## What needs to be done
With every picture left out, give the data below back exactly.

## Data block
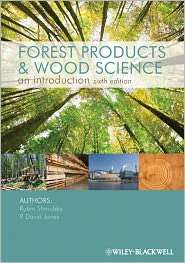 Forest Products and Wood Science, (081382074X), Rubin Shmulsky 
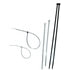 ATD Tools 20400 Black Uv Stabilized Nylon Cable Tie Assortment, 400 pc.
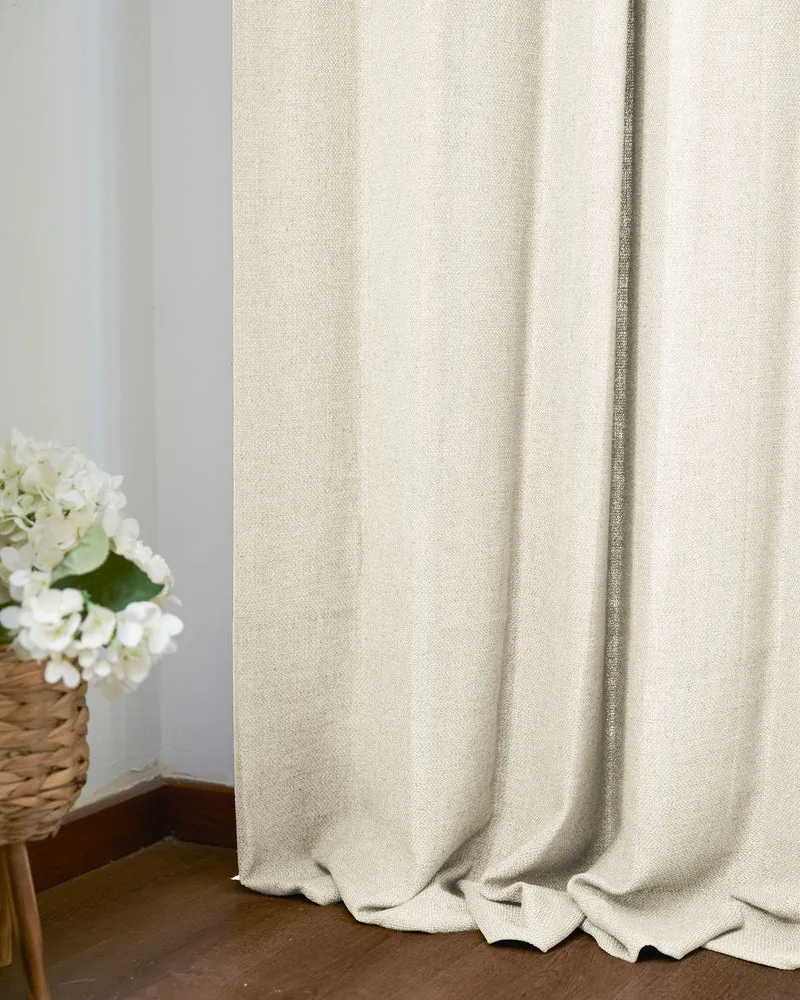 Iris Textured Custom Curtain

## Your solution
 Forest Products and Wood Science, (081382074X), Rubin Shmulsky 
 ATD Tools 20400 Black Uv Stabilized Nylon Cable Tie Assortment, 400 pc.
 Iris Textured Custom Curtain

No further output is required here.